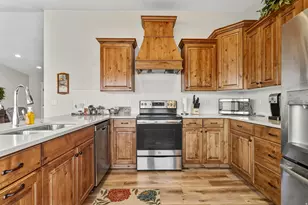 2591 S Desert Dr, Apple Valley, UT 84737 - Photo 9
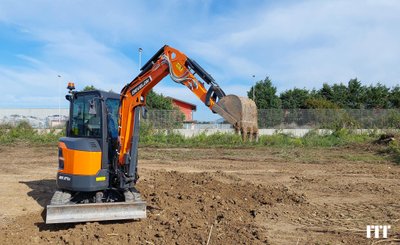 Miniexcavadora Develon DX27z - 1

----

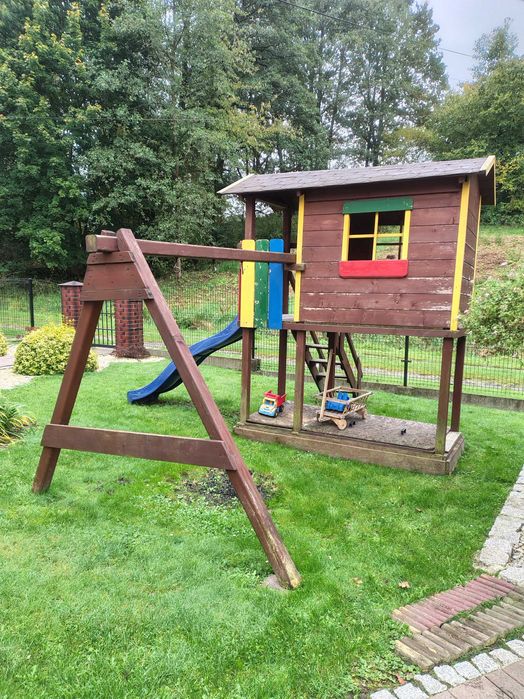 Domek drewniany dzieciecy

----

The problem
Find where the line with "2591 S Desert" sits in the material above and where the line with "Miniexcavadora Develon DX27z - 1" sits. Set down exactly the lines from the first to the second, both included and nothing else, without pictures.

Result
 2591 S Desert Dr, Apple Valley, UT 84737 - Photo 9
 Miniexcavadora Develon DX27z - 1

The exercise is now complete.